**Provided entries**
↓↓↓
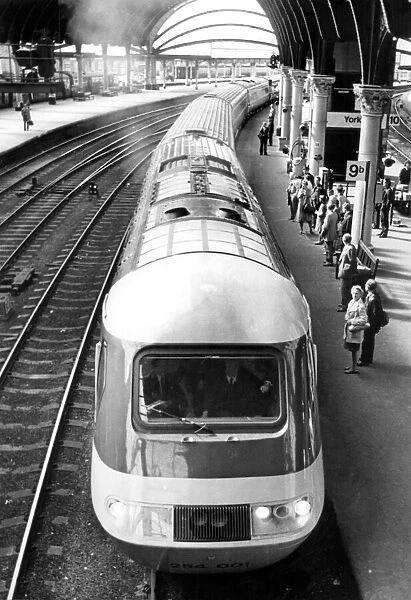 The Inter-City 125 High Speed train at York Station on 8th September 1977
↑↑↑
↓↓↓
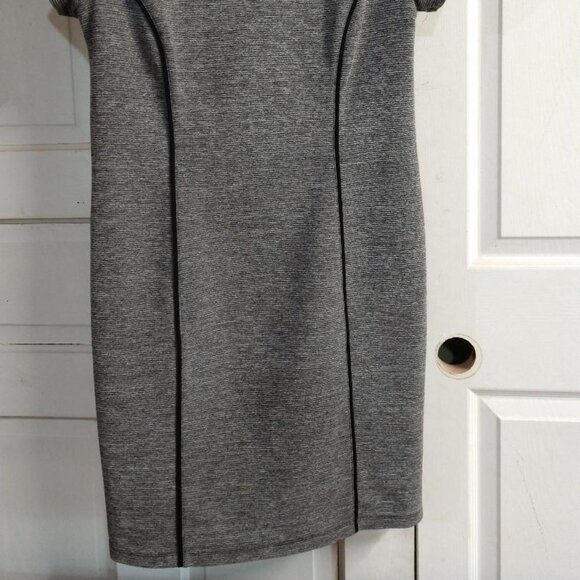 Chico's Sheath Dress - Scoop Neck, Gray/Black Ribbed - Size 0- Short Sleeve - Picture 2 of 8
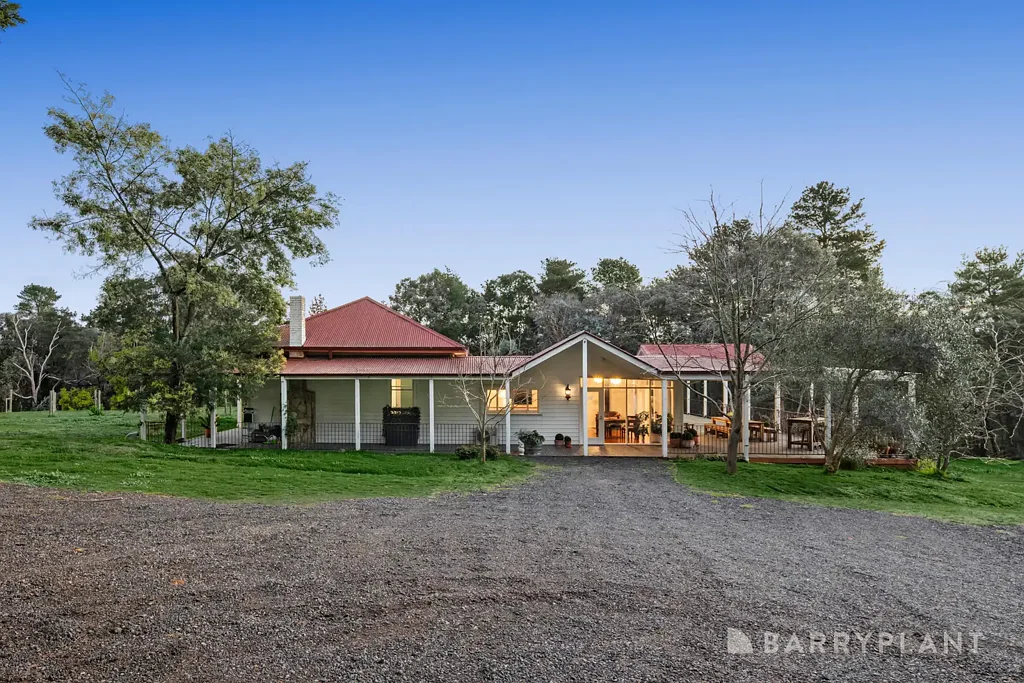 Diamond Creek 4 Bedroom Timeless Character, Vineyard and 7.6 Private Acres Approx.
↑↑↑
**Requirement**
Go down the entries above from the line containing "Chico's Sheath Dress" to the line containing "Diamond Creek 4" and write out each line exactly, leaving pictures out.

**Written solution**
 Chico's Sheath Dress - Scoop Neck, Gray/Black Ribbed - Size 0- Short Sleeve - Picture 2 of 8
 Diamond Creek 4 Bedroom Timeless Character, Vineyard and 7.6 Private Acres Approx.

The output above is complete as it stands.